**WHAT YOU NEED TO DO:**
From the first line to the last, output the data exactly as it stands, minus its pictures.

**TASK MATERIAL:**
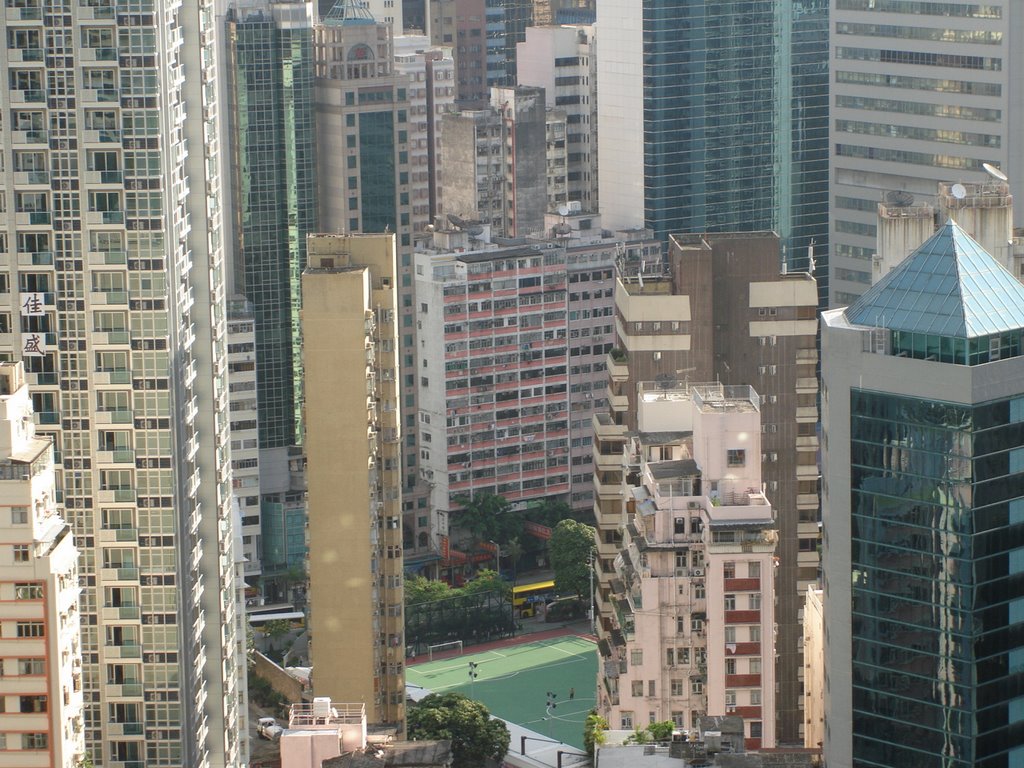 Hip Sang Bldg from Bowen Road 2007 by Edward Ng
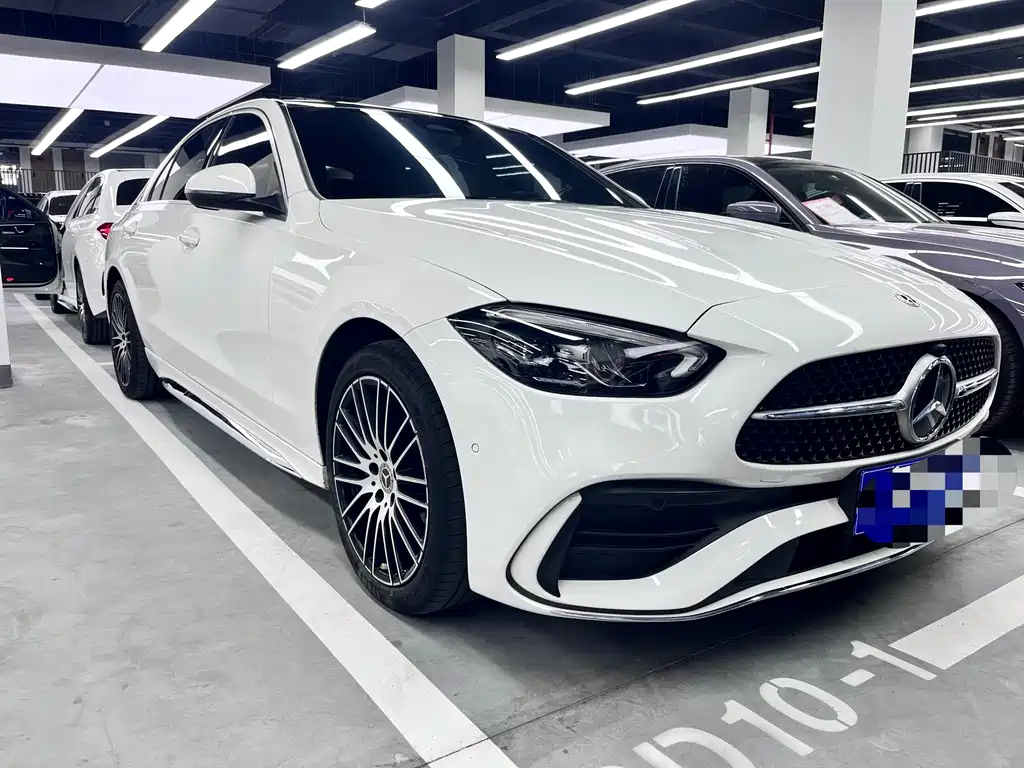Mercedes-Benz C-Class — миниатюра 3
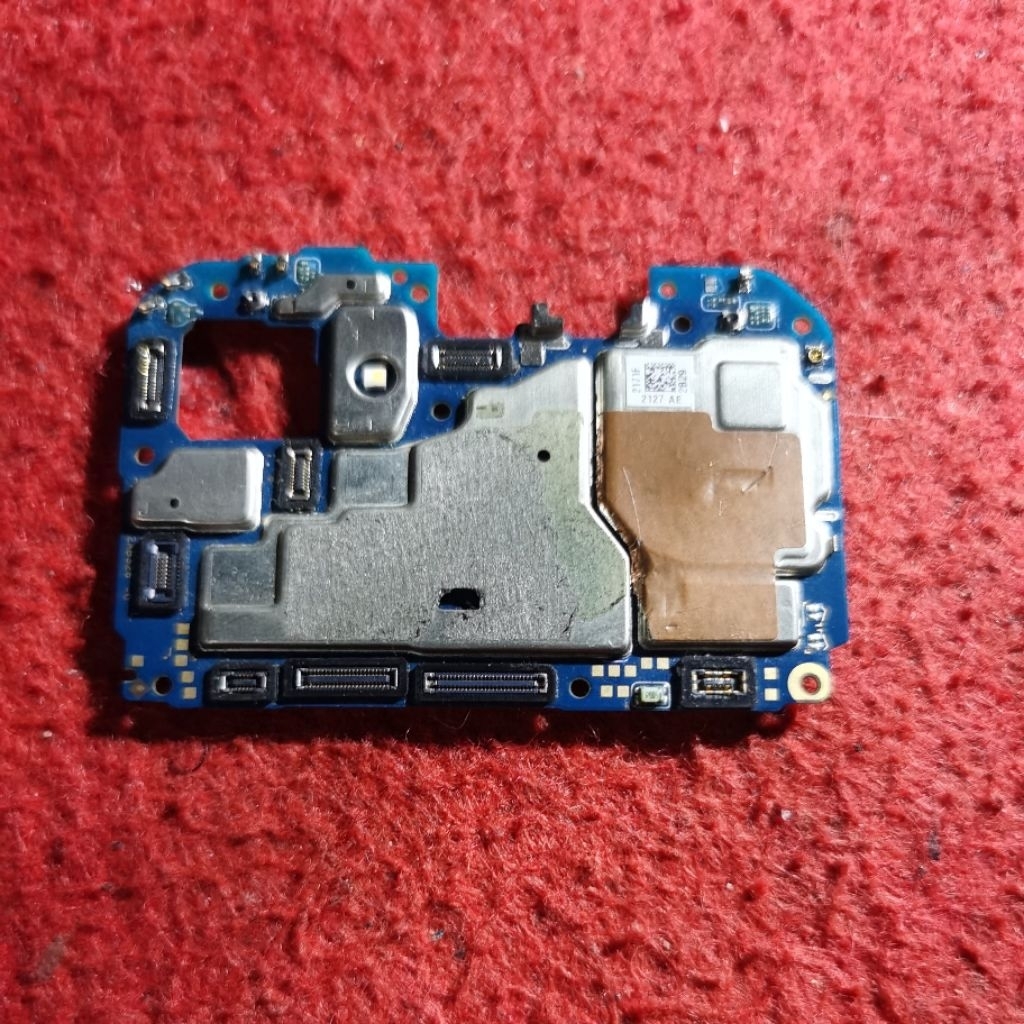 mesin realme narzo 50a prime mesn mati untuk bahan. ic cpu emmc masi lem hitam.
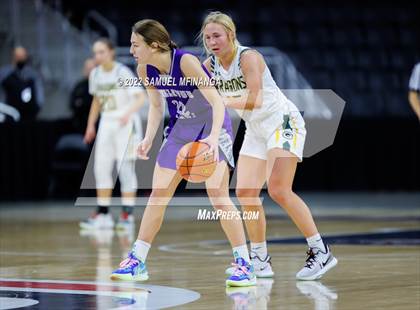 Thumbnail 3 in Bellevue East vs. Gretna photogallery.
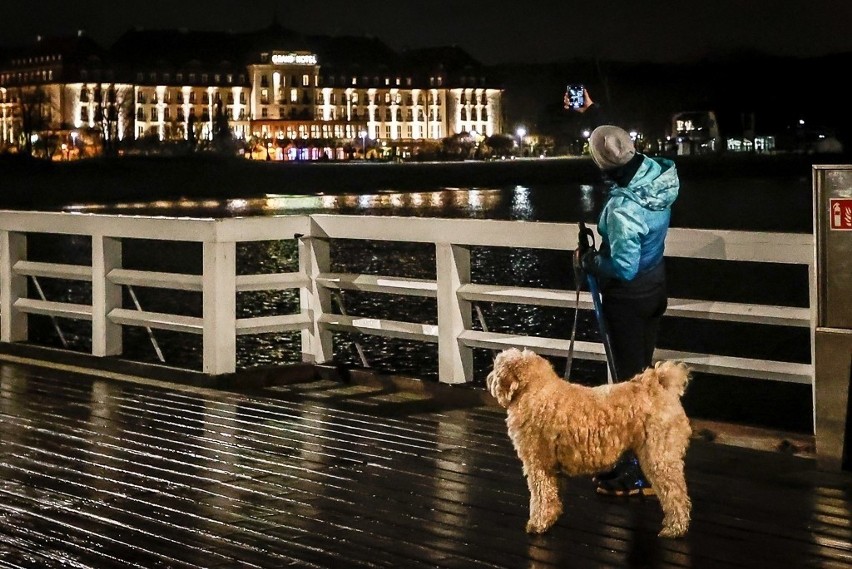 Sopot dołączy do ogólnopolskiego protestu przeciwko zawetowaniu unijnego budżetu. Molo i okolice Urzędu Miasta pogrążą się w ciemności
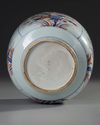 A CHINESE VERTE-IMARI POT, 18TH CENTURY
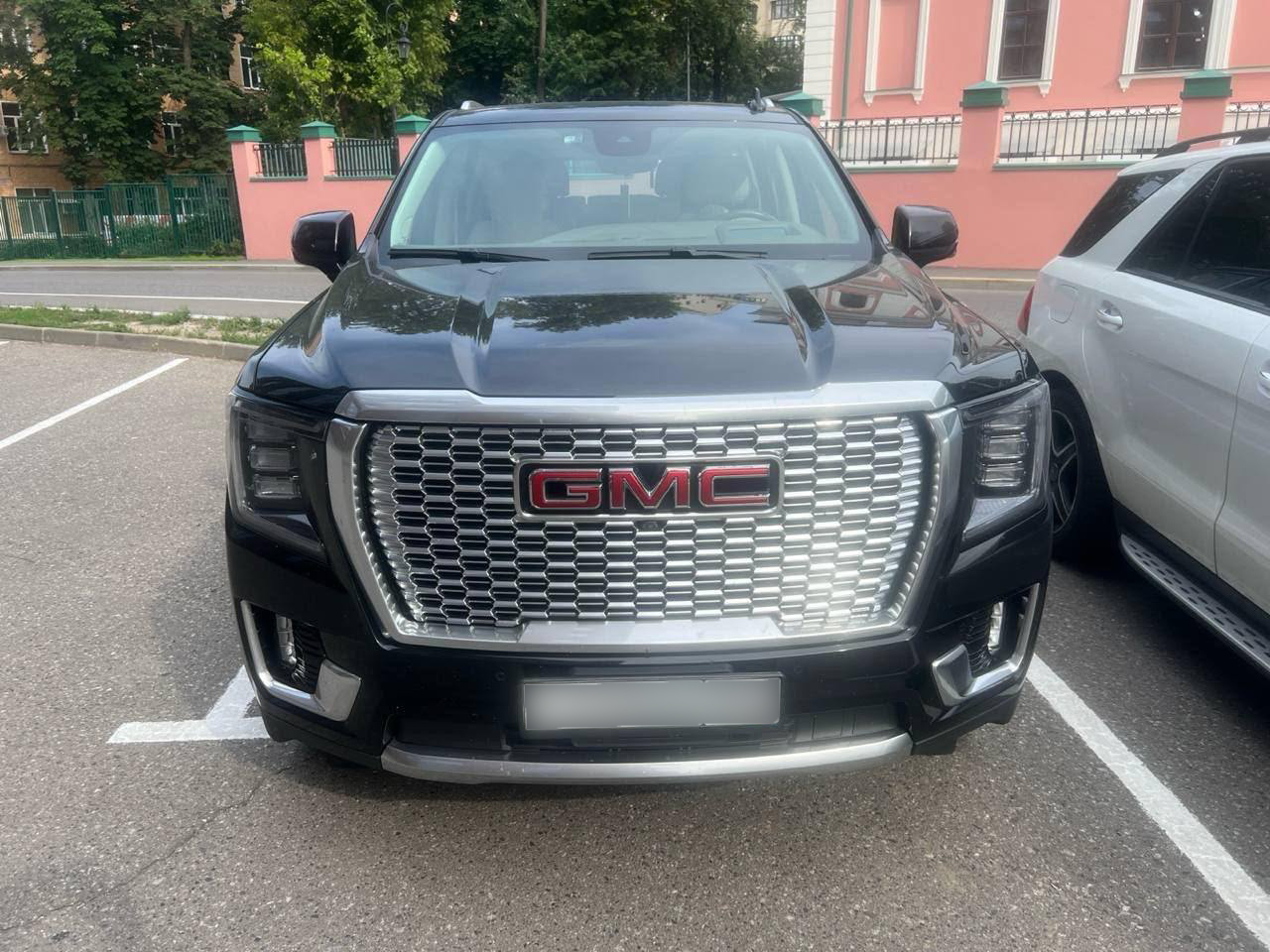 GMC Yukon Denali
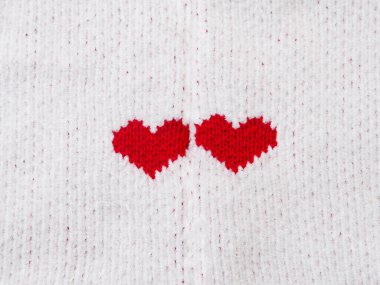 Beyaz kumaş dokusunda iki kırmızı kalp. Sevgililer Günü konsepti geçmişi.
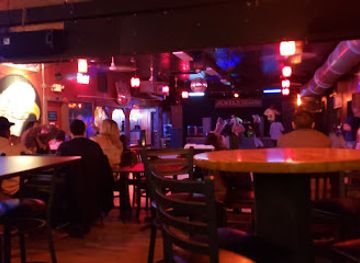 ohio/punderson-state-park/nightclub/jewel-s-dance-hall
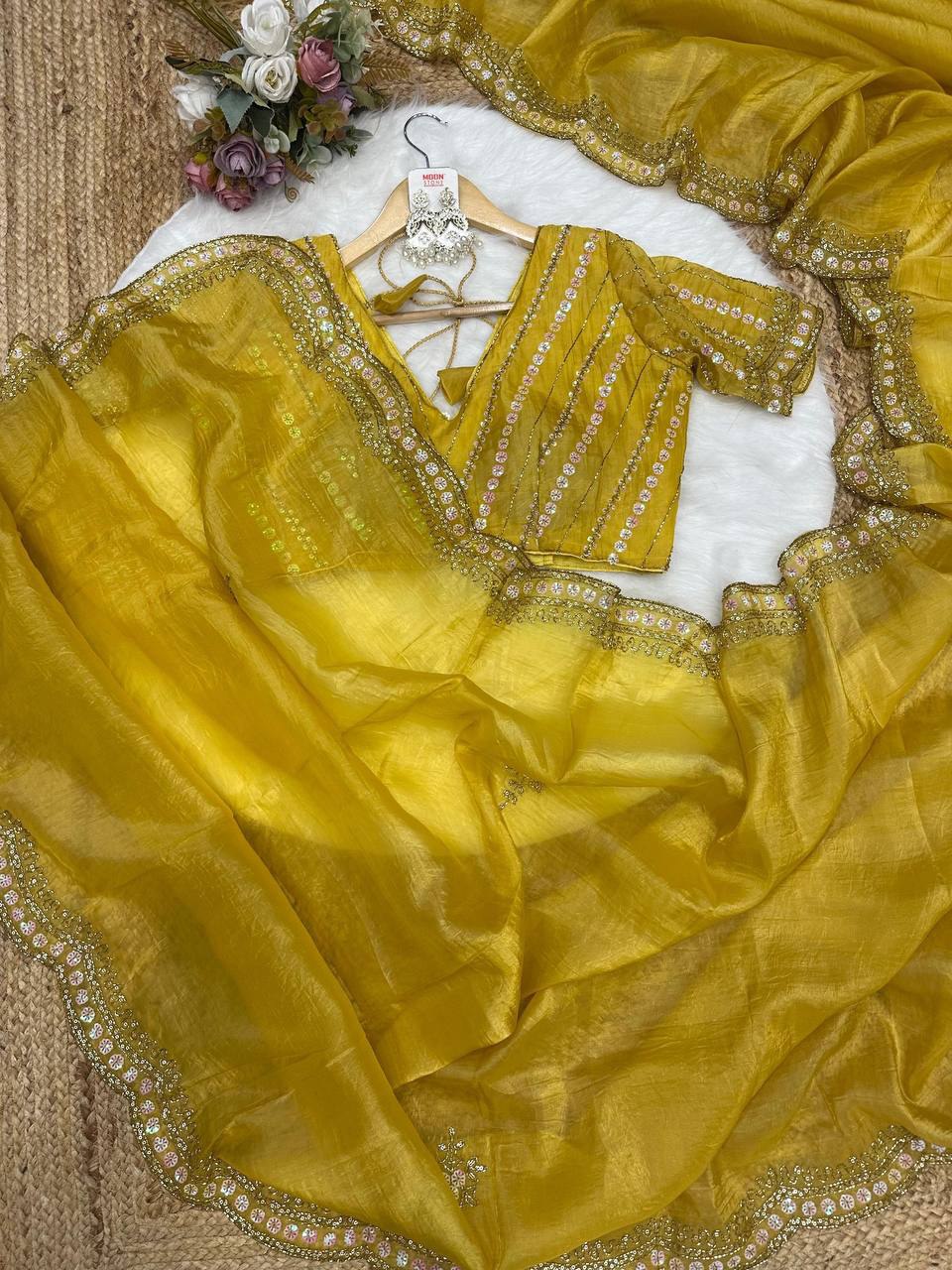 #Color_Yellow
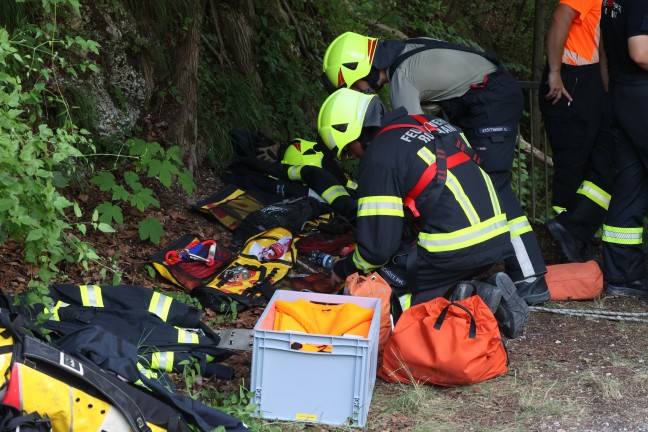Personenrettung am Traunfall: Einsatzkr�fte retten zwei Personen mit Schlauchboot aus der Traun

**SOLUTION:**
 Hip Sang Bldg from Bowen Road 2007 by Edward Ng
Mercedes-Benz C-Class — миниатюра 3
 mesin realme narzo 50a prime mesn mati untuk bahan. ic cpu emmc masi lem hitam.
 Thumbnail 3 in Bellevue East vs. Gretna photogallery.
 Sopot dołączy do ogólnopolskiego protestu przeciwko zawetowaniu unijnego budżetu. Molo i okolice Urzędu Miasta pogrążą się w ciemności
 A CHINESE VERTE-IMARI POT, 18TH CENTURY
 GMC Yukon Denali
 Beyaz kumaş dokusunda iki kırmızı kalp. Sevgililer Günü konsepti geçmişi.
 ohio/punderson-state-park/nightclub/jewel-s-dance-hall
 #Color_Yellow
Personenrettung am Traunfall: Einsatzkr�fte retten zwei Personen mit Schlauchboot aus der Traun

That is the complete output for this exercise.